The net effect is a silent, unrecoverable deadlock: a process that has received a partial object body sits idle indefinitely (we observed 7+ hours, 0% CPU, no open socket, no exception) with no way to detect or recover without killing it. Any caller streaming object bodies over a connection that can be dropped mid-flight (NAT idle eviction, load-balancer reset, transient network blip, half-open peer) is exposed.
Regression Issue
SDK version number
@aws-sdk/client-s3: 3.1038.0, @smithy/node-http-handler 4.7.8
Which JavaScript Runtime is this issue in?
Node.js
Details of the browser/Node.js/ReactNative version
v24.12.0
Reproduction Steps
The bug is a stalled/dropped TCP connection after the response headers are received but before the body finishes. The script below reproduces it deterministically with a local mock endpoint — no AWS credentials or real bucket required.
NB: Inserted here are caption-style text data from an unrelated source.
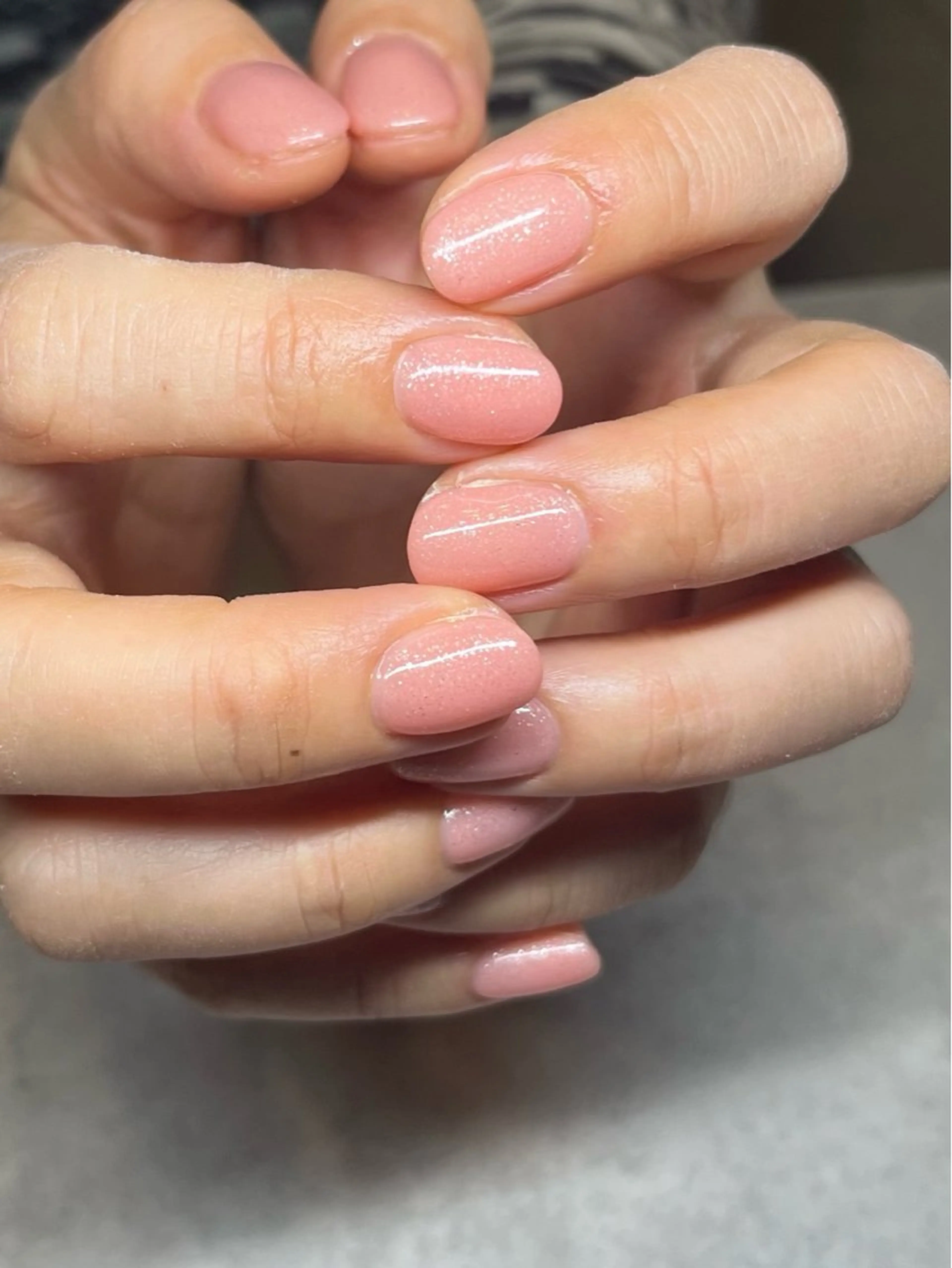 ネイル 春ネイル ハンドネイル See.所属・See. (シー)のネイルデザイン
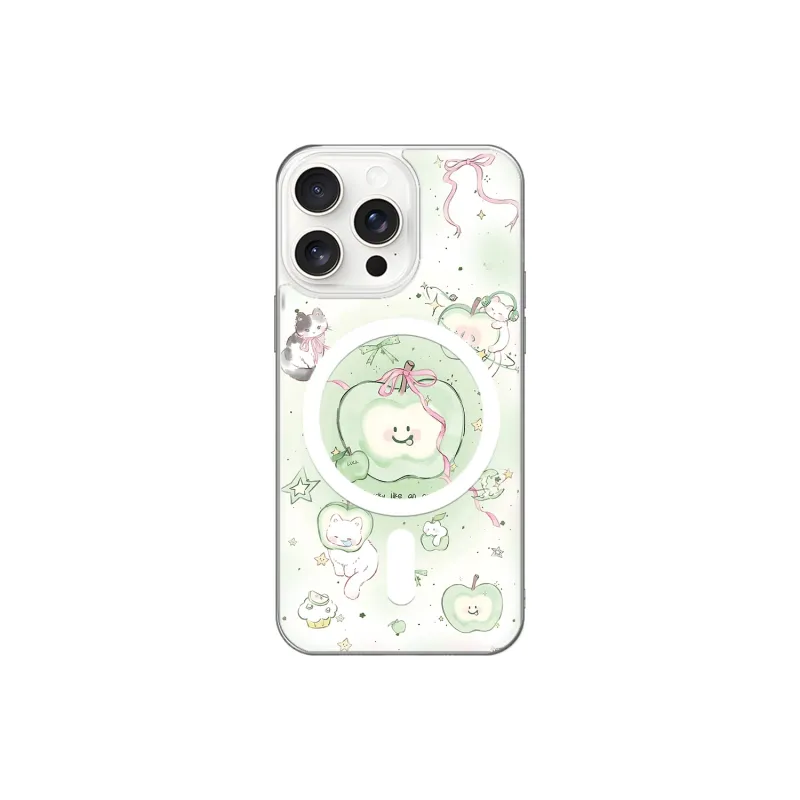Ray chain Phone Cases-3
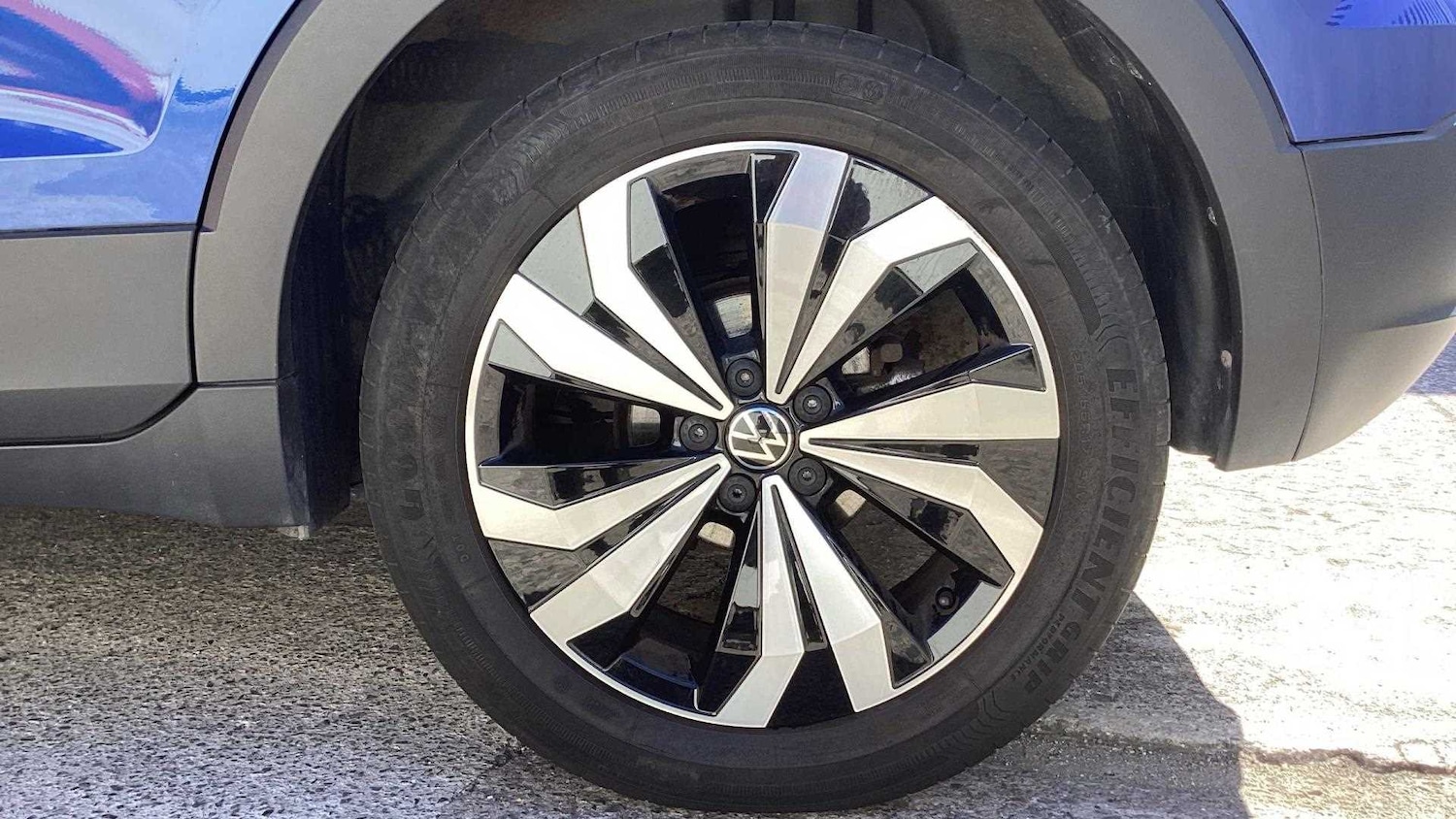 Used Volkswagen T-Cross 2022 for sale - 75813065: Photo 8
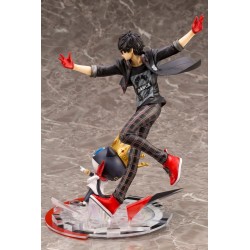 Persona 5 statuette ARTFXJ 1/8 Hero & Morgana Kotobukiya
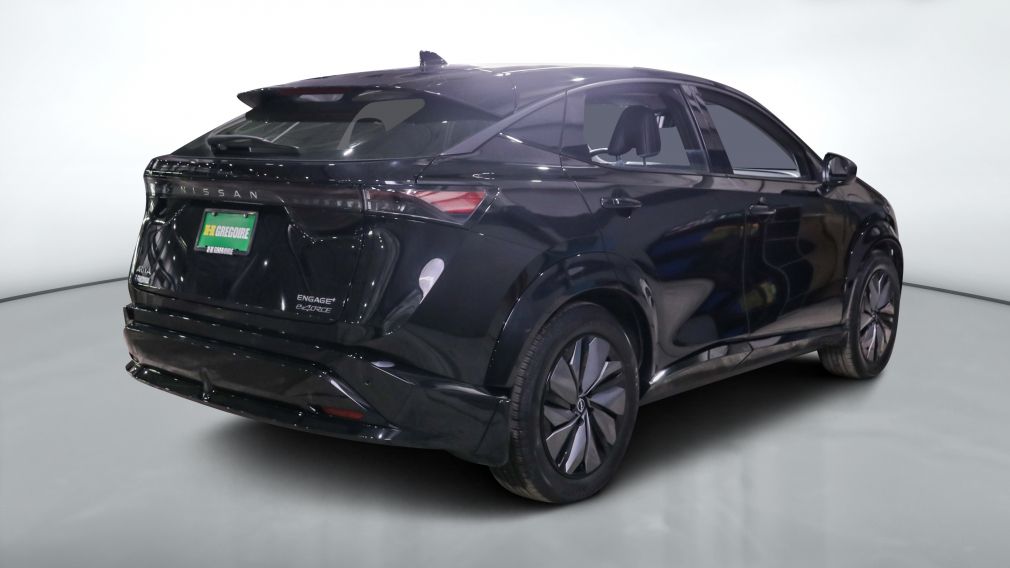 Nissan Ariya ENGAGE+ 2024 d&rsquo;occasion à vendre - 7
npm install @aws-sdk/client-s3
node repro.mjs
// repro.mjs
import http from 'node:http';
import { S3Client, GetObjectCommand } from '@aws-sdk/client-s3';
// Mock S3 endpoint: returns 200 + a checksum header (so the SDK wraps Body in a
// validating ChecksumStream), sends 44 KB of a 500 KB-declared body, then drops
// the socket mid-transfer — i.e. a connection killed in flight (NAT eviction,
// LB idle reset, transient network blip).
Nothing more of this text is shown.